Posted by Michael Andersen (Contributor) on April 17th, 2015 at 7:16 pm
Biking has been a big part of the brand identity that has made Portland a come-from-behind economic success over the last 20 years.
But now that prosperity has arrived, at least for some Portlanders, where’s the love? And if it’s missing, do people who function as “props” in Portland’s triumphant narrative have an option to pull back?
That’s the question that BikePortland reader Kevin explored in a comment beneath our post Tuesday about a pair of Portlanders’ high-profile campaign to rescind the city’s “platinum” status with the League of American Bicyclists.

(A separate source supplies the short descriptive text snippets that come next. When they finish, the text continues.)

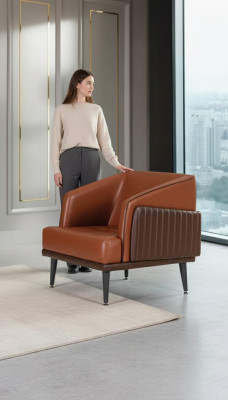 Luxus Sessel Stil Modern Arbeitzimmer Polster Stoff Design Büro Möbel Neu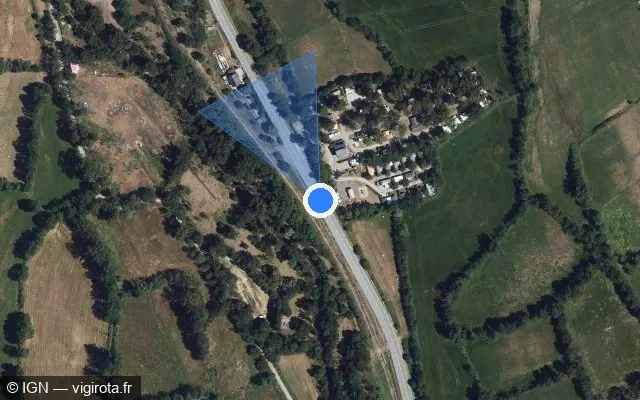Vue satellite de l'emplacement du radar tourelle à Ur sur N 20 / E 09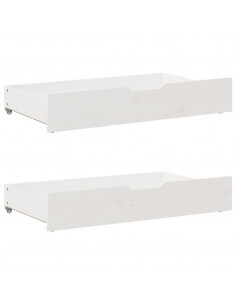 Dormeuse con Cassetti Bianca 80x200 cm Legno Massello di Pino 2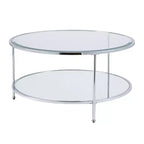 Table basse ronde avec plateau en verre et étagère miroir - Argentée
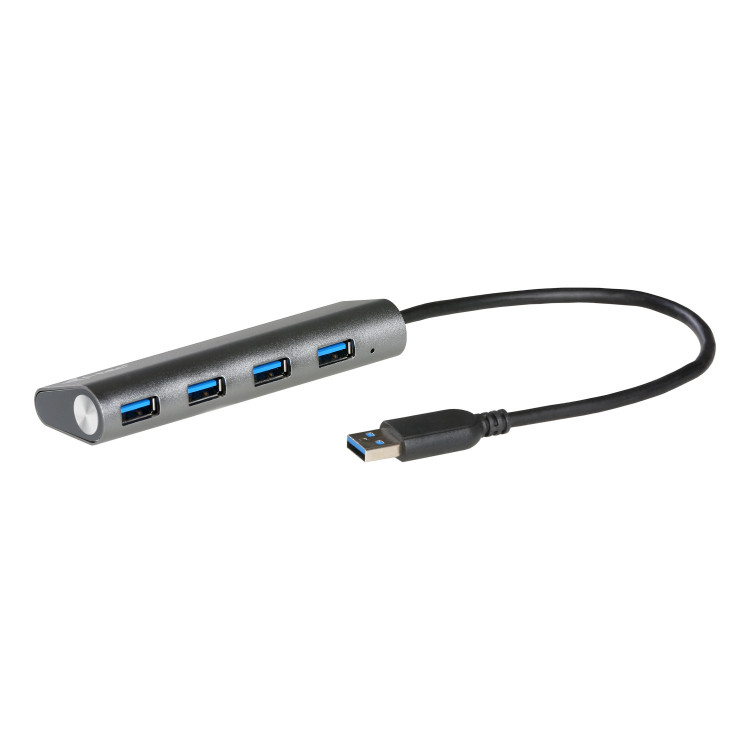 i-tec Metal U3HUB448 hub de interface USB 3.2 Gen 1 (3.1 Gen 1) Type-A 5000 Mbit s Cinzento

Here’s how Kevin put it, with a bit of emphasis added:
People are going to view this action through their own lens and decide whether or not to support it using their own judgement. For me, I think that it is a way of sending a message to the political powers (elected officials, bureaucrats, business alliances, etc.) that they can’t use Portland’s “bike culture” to promote their own interests and simultaneously snub those who have created it. The City and its businesses sell Portland’s bike-friendliness to promote tourism and as a way of attracting progressive professionals, yet they have refused to invest the time, energy or capital necessary to improve or even sustain the elements that create it. They use Chris King Components and the UBI as backdrops when convenient. They publish photos of swarms of cyclists crossing the Hawthorne Bridge or riding along the waterfront in their glossy promotional materials. Then they do something like refuse to remove a handful of parking spaces on 28th or ban cycling in River View.
Simply put, I think a lot of folks are tired of being props.
Those with power use the Platinum Level designation when it’s convenient. This petition is a statement to take that tool away from them if they refuse to see cycling and cyclists as nothing more than symbols that can be trotted out when desired and then shoved back in a sealed box until the next photo op. Many cities are actively striving to improve cycling for a multitude of reasons. Portland is coasting and benefiting from a reputation once relevant but now stagnant.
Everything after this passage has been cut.